[Work order]: A bare number is all that is needed: how many lines below contain the string "фото"?
(Records for this exercise begins)
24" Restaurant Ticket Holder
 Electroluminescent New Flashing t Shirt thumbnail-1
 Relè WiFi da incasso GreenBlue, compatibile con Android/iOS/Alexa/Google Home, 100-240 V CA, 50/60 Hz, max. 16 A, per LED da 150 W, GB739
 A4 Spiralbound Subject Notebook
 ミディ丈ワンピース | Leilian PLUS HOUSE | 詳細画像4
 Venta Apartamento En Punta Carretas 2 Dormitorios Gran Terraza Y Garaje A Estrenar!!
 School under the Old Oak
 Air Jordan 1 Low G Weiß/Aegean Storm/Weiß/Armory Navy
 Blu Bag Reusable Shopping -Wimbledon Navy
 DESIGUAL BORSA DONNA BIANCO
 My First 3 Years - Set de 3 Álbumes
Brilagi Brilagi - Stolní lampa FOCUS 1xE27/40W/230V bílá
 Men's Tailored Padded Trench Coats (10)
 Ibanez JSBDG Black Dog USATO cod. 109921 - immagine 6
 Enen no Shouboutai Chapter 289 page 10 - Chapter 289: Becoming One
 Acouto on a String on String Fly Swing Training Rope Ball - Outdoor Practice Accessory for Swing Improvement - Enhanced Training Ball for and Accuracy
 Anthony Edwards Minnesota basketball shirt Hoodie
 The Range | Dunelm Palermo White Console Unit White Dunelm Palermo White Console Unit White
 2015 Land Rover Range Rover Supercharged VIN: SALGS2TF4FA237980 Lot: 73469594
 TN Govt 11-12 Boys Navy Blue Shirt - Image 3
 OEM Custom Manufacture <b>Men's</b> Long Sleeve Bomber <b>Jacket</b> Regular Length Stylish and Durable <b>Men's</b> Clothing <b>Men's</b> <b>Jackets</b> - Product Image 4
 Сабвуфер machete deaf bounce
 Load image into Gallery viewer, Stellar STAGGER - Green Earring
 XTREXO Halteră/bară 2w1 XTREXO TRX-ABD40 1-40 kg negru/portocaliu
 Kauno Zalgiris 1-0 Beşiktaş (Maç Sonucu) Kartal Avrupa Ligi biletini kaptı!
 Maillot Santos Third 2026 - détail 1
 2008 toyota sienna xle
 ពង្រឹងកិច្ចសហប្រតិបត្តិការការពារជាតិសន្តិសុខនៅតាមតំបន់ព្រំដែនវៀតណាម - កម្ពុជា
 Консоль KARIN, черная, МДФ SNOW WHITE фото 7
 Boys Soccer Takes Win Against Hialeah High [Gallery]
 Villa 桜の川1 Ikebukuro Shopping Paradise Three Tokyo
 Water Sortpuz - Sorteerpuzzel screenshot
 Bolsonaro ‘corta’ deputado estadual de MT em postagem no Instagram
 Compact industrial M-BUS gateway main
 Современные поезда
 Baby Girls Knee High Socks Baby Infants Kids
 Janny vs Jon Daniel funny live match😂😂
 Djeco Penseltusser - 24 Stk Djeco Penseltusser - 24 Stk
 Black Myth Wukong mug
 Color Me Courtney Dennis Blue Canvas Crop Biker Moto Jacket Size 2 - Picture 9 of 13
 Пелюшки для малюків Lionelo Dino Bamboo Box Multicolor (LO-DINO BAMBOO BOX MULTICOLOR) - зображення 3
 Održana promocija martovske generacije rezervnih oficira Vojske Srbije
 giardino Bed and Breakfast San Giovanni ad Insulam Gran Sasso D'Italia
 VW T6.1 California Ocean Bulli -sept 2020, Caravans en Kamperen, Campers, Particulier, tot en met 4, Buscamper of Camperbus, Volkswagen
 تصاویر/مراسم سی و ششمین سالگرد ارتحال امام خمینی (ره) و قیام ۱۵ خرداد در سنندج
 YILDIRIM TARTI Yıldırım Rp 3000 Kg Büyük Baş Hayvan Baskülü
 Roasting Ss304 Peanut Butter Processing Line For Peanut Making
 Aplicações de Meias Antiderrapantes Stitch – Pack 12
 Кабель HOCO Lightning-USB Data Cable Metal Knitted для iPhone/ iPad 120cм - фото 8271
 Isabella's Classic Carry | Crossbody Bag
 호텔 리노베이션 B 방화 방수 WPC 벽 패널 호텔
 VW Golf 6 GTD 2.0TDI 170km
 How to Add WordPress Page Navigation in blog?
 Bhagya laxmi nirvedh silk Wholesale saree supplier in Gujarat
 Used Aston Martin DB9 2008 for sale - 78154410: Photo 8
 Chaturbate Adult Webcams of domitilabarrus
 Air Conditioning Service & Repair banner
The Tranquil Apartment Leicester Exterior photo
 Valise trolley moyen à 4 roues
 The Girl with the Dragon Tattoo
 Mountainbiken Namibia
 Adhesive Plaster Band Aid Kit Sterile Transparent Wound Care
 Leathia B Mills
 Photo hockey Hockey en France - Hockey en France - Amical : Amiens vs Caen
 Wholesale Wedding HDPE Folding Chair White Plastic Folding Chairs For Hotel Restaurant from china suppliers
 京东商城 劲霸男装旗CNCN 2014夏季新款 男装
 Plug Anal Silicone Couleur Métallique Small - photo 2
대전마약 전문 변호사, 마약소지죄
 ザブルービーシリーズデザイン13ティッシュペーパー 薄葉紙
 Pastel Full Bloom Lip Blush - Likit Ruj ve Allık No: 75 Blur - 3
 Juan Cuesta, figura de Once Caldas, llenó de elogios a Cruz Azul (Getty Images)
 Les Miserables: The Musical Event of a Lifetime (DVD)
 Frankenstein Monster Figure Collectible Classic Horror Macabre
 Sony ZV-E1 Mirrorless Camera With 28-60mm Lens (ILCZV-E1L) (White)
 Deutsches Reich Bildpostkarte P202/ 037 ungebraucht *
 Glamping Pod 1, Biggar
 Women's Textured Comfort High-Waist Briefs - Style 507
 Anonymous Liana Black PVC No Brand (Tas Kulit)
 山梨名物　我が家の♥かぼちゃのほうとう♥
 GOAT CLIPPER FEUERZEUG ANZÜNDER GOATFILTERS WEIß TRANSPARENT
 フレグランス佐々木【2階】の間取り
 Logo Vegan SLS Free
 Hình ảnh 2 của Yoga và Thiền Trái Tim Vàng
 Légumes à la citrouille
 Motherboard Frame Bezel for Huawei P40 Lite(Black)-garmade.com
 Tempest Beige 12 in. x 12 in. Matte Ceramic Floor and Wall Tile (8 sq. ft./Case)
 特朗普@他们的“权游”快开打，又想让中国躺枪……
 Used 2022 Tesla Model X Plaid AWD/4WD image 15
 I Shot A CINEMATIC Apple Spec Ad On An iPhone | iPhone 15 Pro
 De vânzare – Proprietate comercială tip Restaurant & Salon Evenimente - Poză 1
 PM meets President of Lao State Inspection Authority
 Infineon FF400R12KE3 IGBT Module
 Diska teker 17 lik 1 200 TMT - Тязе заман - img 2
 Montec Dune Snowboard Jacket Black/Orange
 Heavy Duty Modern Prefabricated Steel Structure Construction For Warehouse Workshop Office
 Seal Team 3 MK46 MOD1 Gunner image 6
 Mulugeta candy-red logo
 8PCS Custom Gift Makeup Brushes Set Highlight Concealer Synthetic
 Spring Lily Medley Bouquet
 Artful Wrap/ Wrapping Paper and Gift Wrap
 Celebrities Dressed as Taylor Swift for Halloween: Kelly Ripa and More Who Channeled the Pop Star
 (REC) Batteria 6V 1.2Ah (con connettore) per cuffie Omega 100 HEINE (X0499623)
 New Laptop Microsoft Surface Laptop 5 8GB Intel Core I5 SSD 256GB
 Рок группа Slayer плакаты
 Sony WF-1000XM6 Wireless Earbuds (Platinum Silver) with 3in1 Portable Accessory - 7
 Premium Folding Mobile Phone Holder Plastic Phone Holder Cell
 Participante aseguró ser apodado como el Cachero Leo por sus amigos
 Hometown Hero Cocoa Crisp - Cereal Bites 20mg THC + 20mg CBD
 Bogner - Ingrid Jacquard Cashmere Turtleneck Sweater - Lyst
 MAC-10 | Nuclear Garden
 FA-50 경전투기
(Records for this exercise ends)
[Written response]: 2